– Pomimo przegranego czwartego seta, stanęliśmy na wysokości zadania. Cała drużyna zagrała bardzo dobrze. Im dłużej będziemy ze sobą trenowali, tym bardziej czas będzie działał na naszą korzyść – powiedział drugi trener Indykpolu AZS Olsztyn Marcin Mierzejewski.
Zespół z Olsztyna niespodziewanie wygrał z Aluron CMC Wartą Zawiercie, przyjezdni myśleli o zdobyciu jednego punktu.
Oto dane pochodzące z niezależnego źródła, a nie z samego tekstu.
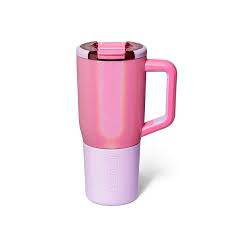Müv 25oz Tumbler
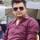 Rohit Adhikari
Początek meczu nie zapowiadał ich późniejszego sukcesu. – W Zawierciu każdej drużynie gra się bardzo ciężko, o czym można było się niejednokrotnie przekonać, cieszymy się z wygranego meczu. My myśleliśmy o jednym punkcie, a nie o dwóch, wykorzystaliśmy swoje szanse na wygranie tego spotkania – powiedział Marcin Mierzejewski.
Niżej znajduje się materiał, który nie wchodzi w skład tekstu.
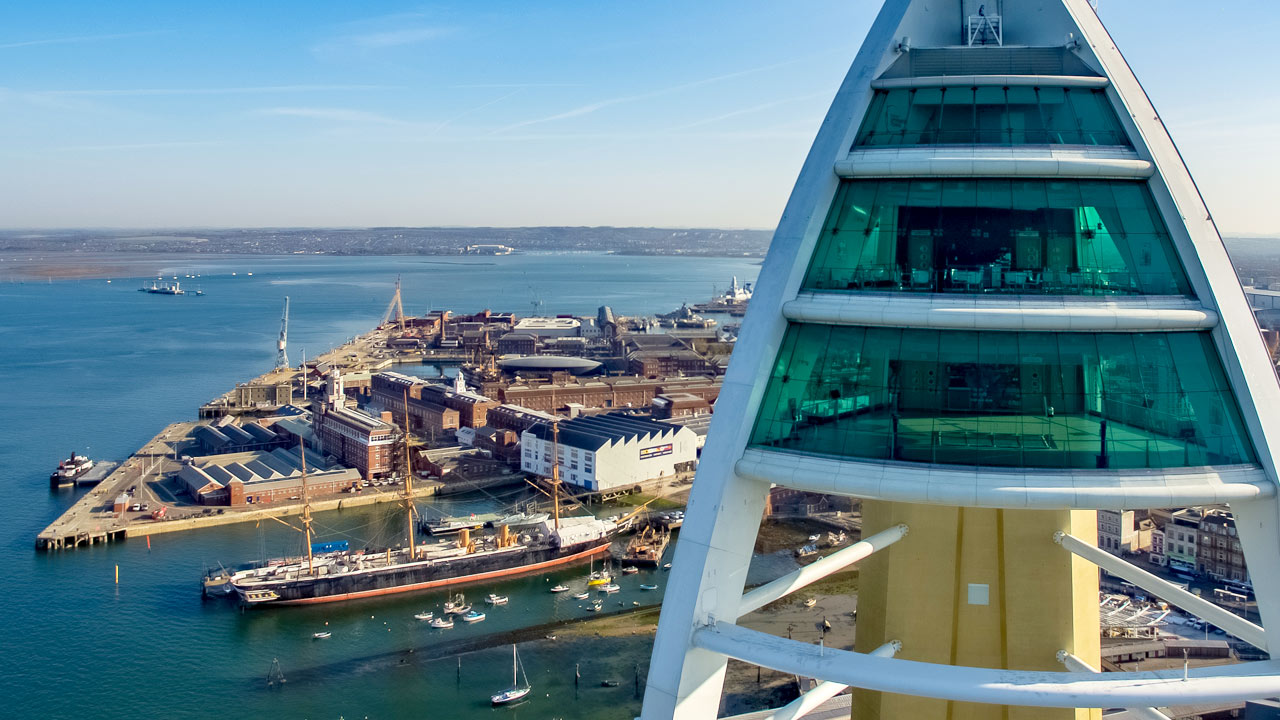 abseil spinnaker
W pierwszym secie meczu olsztynianie wyraźni ustępowali gospodarzom, przegrywali 12:17, 16:21. – Pierwszy set spotkania nie zapowiadał, że wygramy w Zawierciu, mecz potoczył się po naszej myśli od drugiego seta. Uważam, że w tym meczu byliśmy zdecydowanie lepsi od gospodarzy. Zagrywka oraz dobra gra w obronie to nasze mocne elementy w tym sezonie (olsztynianie zdobyli w meczu z Wartą: w bloku 11 punktów, mieli 11 wybloków, bezpośrednio z zagrywki punktowali 9 razy – przyp. red.) elementy te będziemy chcieli wykorzystać, jeżeli będziemy w pełni z nich korzystali to będziemy odnosili zwycięstwa tak jak to miało miejsce w Zawierciu – dodał drugi trener akademików
Najlepszym zawodnikiem spotkania został Karol Butryn, który poprowadził drużynę do zwycięstwa, zdobył on w całym spotkaniu 23 punkty, atakował z 48% skutecznością. – Trzeba się cieszyć, że mamy w drużynie takiego zawodnika, był to kolejny dobry mecz w jego wykonaniu, trzeba trzymać kciuki, aby był zdrowy. Po przegranym czwartym secie było widać, że w naszym zespole nie ma energii, coś się zacięło w naszej grze. Chwała całej drużynie, że w tie-breaku stanęła na wysokości zadania i wykrzesała z siebie ostatnie siły i wygrali całe spotkanie. Czas działa na naszą korzyść, będziemy grali coraz lepiej im dłużej będziemy trenowali, przykładem tego jest właśnie zwycięstwo w Zawierciu – zakończył olsztyński szkoleniowiec.